TASK INSTRUCTIONS:
Restate word for word the lines below from the one that has "ดอยหมอก ดอกไม้ รีสอร์ท" through the one that has "Picture of Sproutworld sharpened pencil", keeping both and dropping all pictures.

ENTRIES SHOWN:
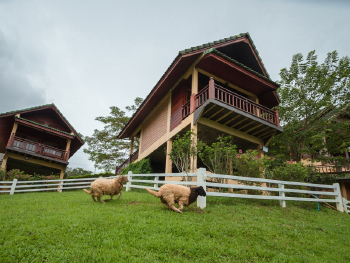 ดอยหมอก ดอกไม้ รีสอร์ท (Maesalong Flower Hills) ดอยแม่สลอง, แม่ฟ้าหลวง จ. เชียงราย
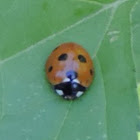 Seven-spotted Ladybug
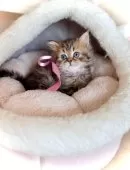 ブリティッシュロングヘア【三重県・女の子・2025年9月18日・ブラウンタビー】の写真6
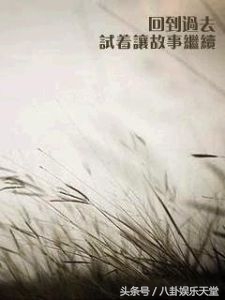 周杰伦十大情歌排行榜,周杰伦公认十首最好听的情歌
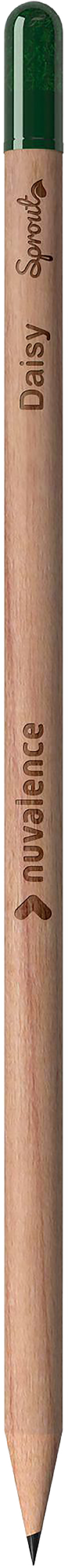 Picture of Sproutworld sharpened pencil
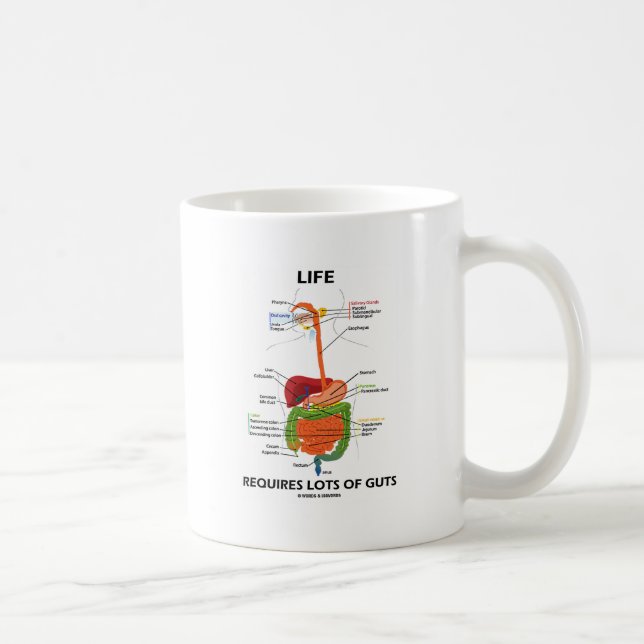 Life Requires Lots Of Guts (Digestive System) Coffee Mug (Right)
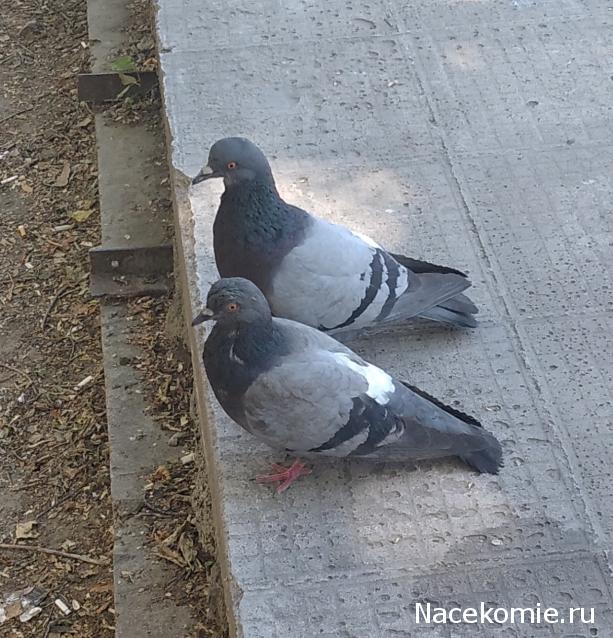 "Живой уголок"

--

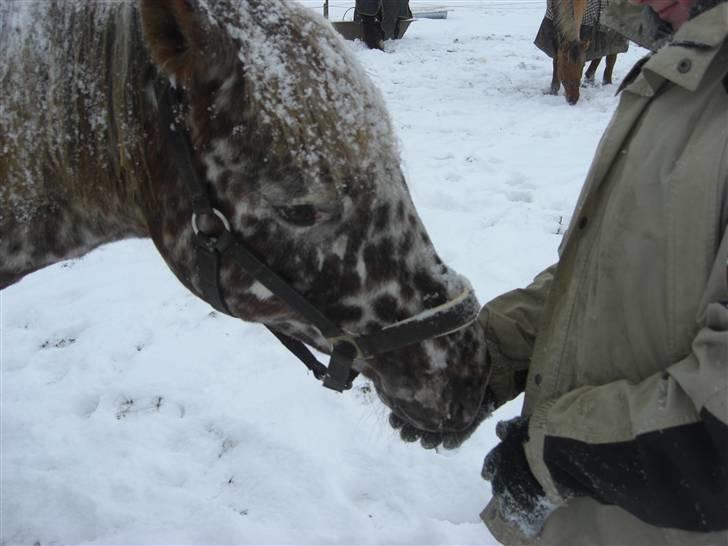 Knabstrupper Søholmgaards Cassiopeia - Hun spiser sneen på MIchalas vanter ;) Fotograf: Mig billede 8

==

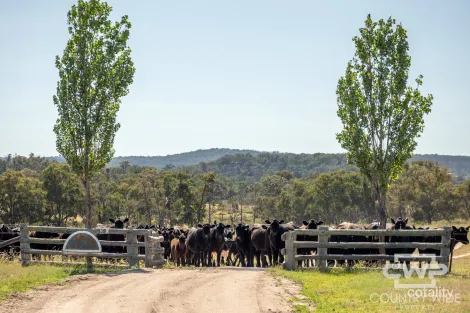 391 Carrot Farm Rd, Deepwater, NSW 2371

ANSWER:
 ดอยหมอก ดอกไม้ รีสอร์ท (Maesalong Flower Hills) ดอยแม่สลอง, แม่ฟ้าหลวง จ. เชียงราย
 Seven-spotted Ladybug
 ブリティッシュロングヘア【三重県・女の子・2025年9月18日・ブラウンタビー】の写真6
 周杰伦十大情歌排行榜,周杰伦公认十首最好听的情歌
 Picture of Sproutworld sharpened pencil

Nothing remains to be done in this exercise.